In anticipation that the MCP procedure could be used for site assessment in the wave energy industry, Halliday and Douglas (2008) have presented a survey of the long-term wave data available in UK waters. They note that there is relatively little in-situ data available for the most energetic locations and that it would aid wave energy

development if coverage was increased in these areas.

Due to the lack of long-term measurements as a reference dataset, some authors have proposed the use of data from numerical wind-wave models as a long-term reference (e.g. Mollison, 1994; Barstow et al, 1998; Pitt, 2006a). Mollison (1994) proposed that offshore data from ocean-scale models could be used as the boundary conditions of a smaller scale shallow-water wave model, which is used to estimate the wave conditions at the site of interest. Since wave model data are estimates rather than measurements, Mollison (1994) suggests that the model data should be calibrated against nearby buoy measurements before use. Barstow et al (1998) take a similar approach, but use satellite altimeter measurements to calibrate the offshore wave model data, before using it to drive a nearshore model. Pitt (2006a) compares estimates of wave power from model data to estimates from buoy measurements at the site of the proposed Wave Hub site in south west Britain. He finds that the mean values are generally quite close, but that sometimes the model fails to reproduce long-period swell energy measured by the buoy.

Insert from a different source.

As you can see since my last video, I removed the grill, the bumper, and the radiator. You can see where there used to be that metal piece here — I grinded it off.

Crucially though, the issue of uncertainty of wave energy yield predictions necessary for the economic assessment of a wave energy project has not been addressed. This is in part because until recently the industry has not required such detailed calculations. With the first full scale devices being deployed and rapid expansion of the wave energy industry foreseen over the next decade, the problem of making accurate yield predictions with quantified uncertainty needs to be considered. Objective B of this research addresses this point. In Chapter 5 the calibration of wave model data is discussed and a method is proposed to calculate confidence bounds for estimates of WEC yield from calibrated model data. This is compared to the accuracy it is possible to achieve using in-situ and satellite altimeter measurements.

An assumption central to the MCP procedure is that weather patterns will not change significantly in the future, and the historic data provides a good estimate of the available resource at a site. Objective C of this research addresses the validity of this assumption.

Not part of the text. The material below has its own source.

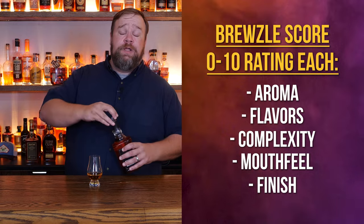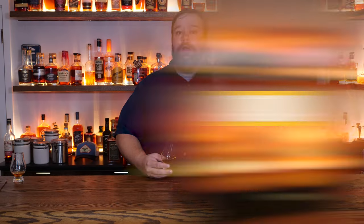We're judging this on five different criteria. The first is the nose — the aroma. Our rankings tend to skew a little more in favor of higher proof whiskey, so we'll see how this holds up at its lower proof point. It smells very much like a Jim Beam, maybe with a little more intensity and a bit more of that oaky woodiness. I'm gonna put this right in the middle of average — there are several things going on but they're not overly complex or pleasant.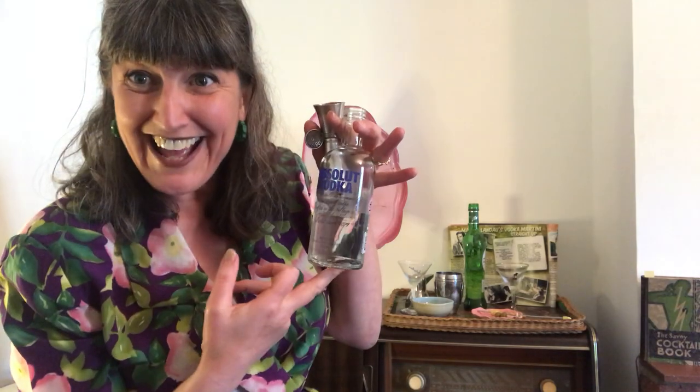So it's two ounces of vodka each, from my teeny tiny vodka that I got in my cardio delivery. This is nearly gone so it's fine.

Chapter 6 reviews studies of the long-term variability in wave climate and potential effects of anthropogenic climate change. A model is proposed to account for both historic variability in the resource and the potential effects of climate change at a site in Northern Scotland. This is used to examine the accuracy of predictions of WEC yield.

Chapter 7 discusses the estimation of extreme wave conditions at a site. A review of the methods proposed to estimate extreme values of Hs is presented, and the motivation for the Peaks Over Threshold (POT) / Generalised Pareto Distribution (GPD) model is described. Numerous methods have been proposed to estimate the parameters of this distribution, but no consensus exists on which is the most appropriate for extreme wave analysis. This research attempts to answer this question. In Chapter 7 the performance of different estimators of the generalised Pareto distribution is compared in order to determine which is most appropriate for use in extreme wave predictions (Objective D).

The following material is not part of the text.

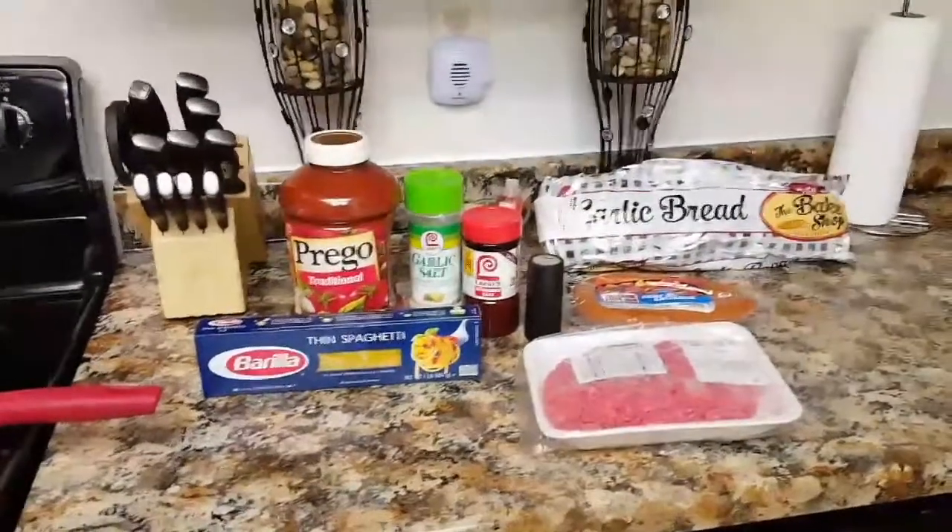Now I have my pasta in and it's boiling away. My ground beef has browned up really good, so now I'm going to go ahead and add in the sausages and mix that up real good, then let them cook and do their thing. You always want to keep your pasta moving so that it doesn't stick.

An assumption made in classical extreme value modelling is that the data being modelled are stationary. This assumption is not strictly true for wave data because of seasonal and climatic variability. It has been suggested by some authors that extreme value models which account for seasonal variability should be used in preference to non-seasonal models. However, it has not been conclusively demonstrated that these model are more accurate in practice. In Chapter 7 a simulation study is conducted to compare the use of seasonal and non-seasonal models in realistic situations (Objective E).